Stored data:
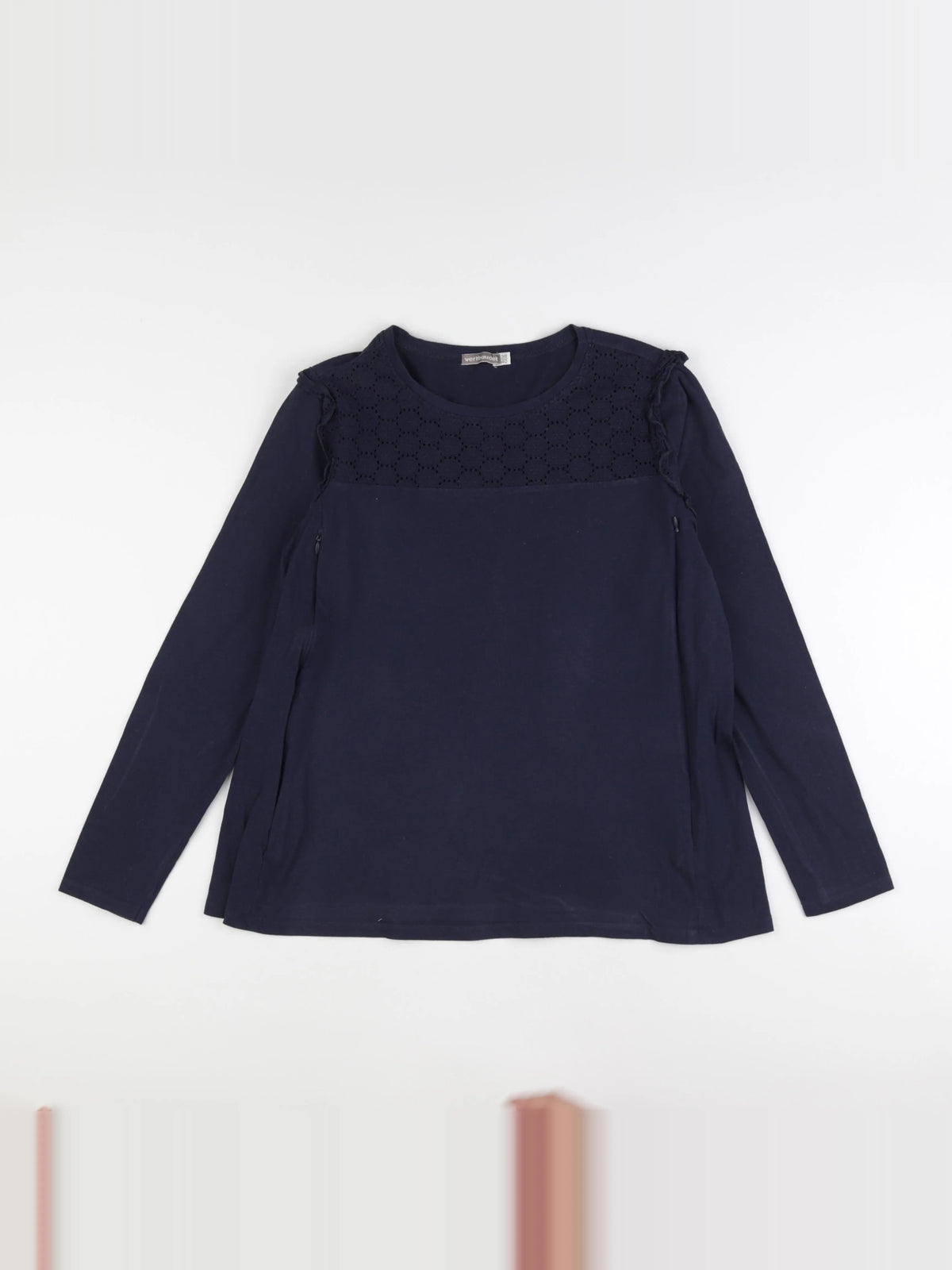 Vertbaudet - tee-shirt grossesse bleu - 38 à 40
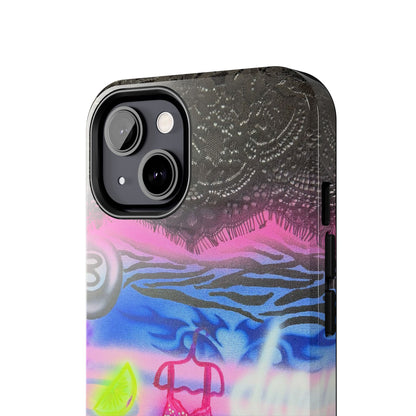 "dream life pt. 2" airbrush iPhone case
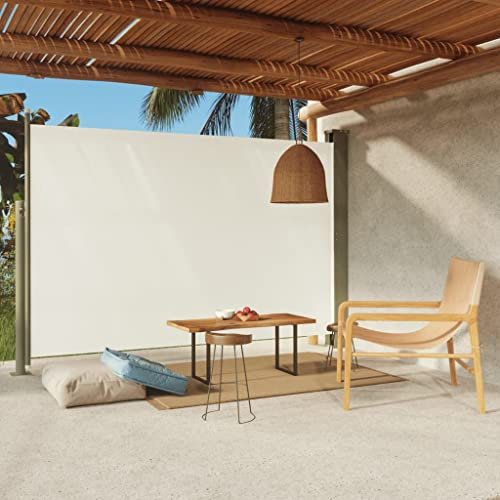 FIRBNUS Toldo Lateral retráctil para Patio Crema 200x300 cm Toldo Balcon Pantalla De Privacidad Toldos Exterior Terraza Prueba De Viento Protección De La Intimidad para Jardín Patio Balcón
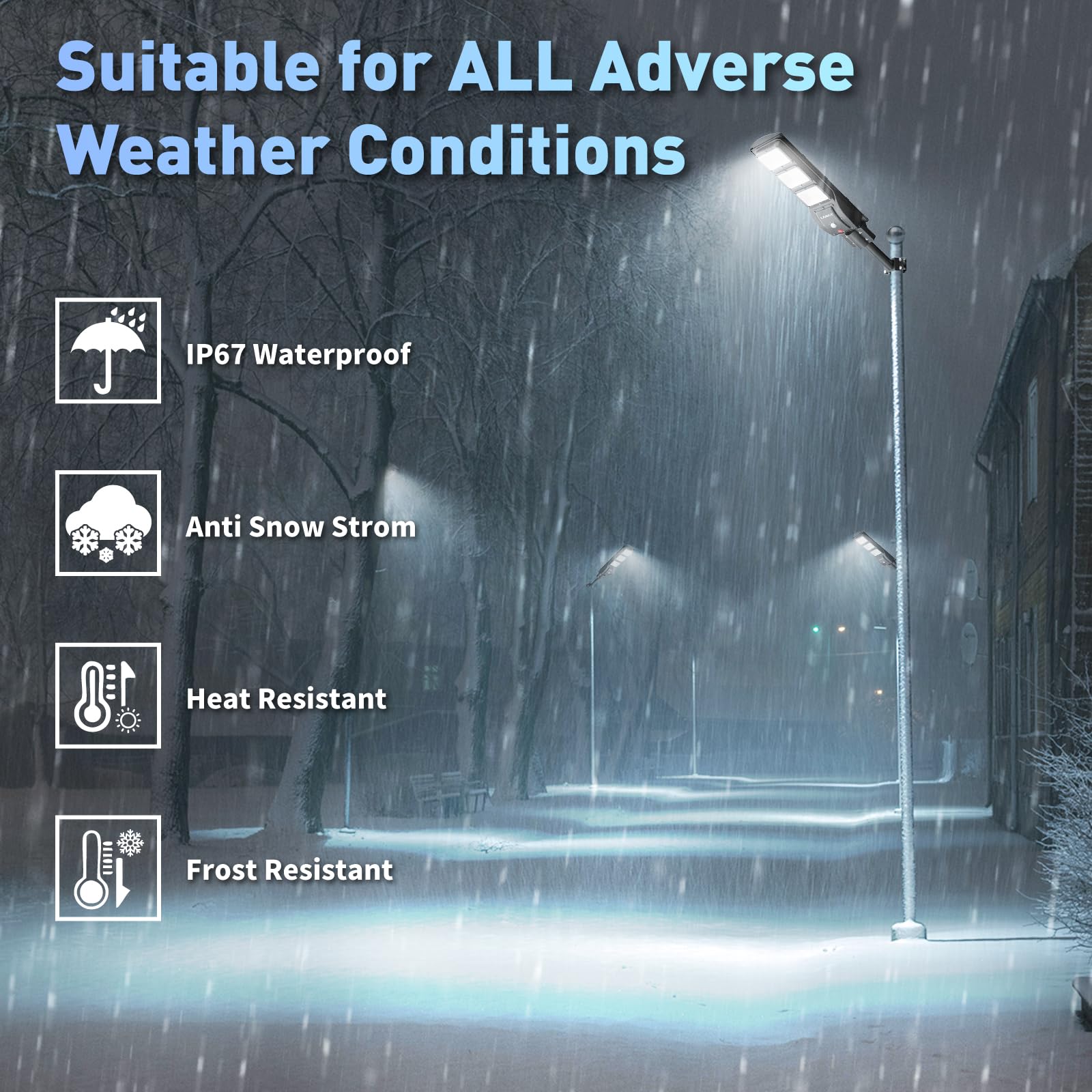 Upgraded Solar Street Lights Outdoor - 18000LM 6500K Dusk to Dawn IP67 Waterproof Solar Parking Lot Lights with Motion Sensor & Remote Control - Commercial & Yard Use (2 Pack) - Perfect for Driveways, Pathways, and Security Lighting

Problem requirements:
Line by line, write out the material exactly, leaving the images out.

Task answer:
 Vertbaudet - tee-shirt grossesse bleu - 38 à 40
 "dream life pt. 2" airbrush iPhone case
 FIRBNUS Toldo Lateral retráctil para Patio Crema 200x300 cm Toldo Balcon Pantalla De Privacidad Toldos Exterior Terraza Prueba De Viento Protección De La Intimidad para Jardín Patio Balcón
 Upgraded Solar Street Lights Outdoor - 18000LM 6500K Dusk to Dawn IP67 Waterproof Solar Parking Lot Lights with Motion Sensor & Remote Control - Commercial & Yard Use (2 Pack) - Perfect for Driveways, Pathways, and Security Lighting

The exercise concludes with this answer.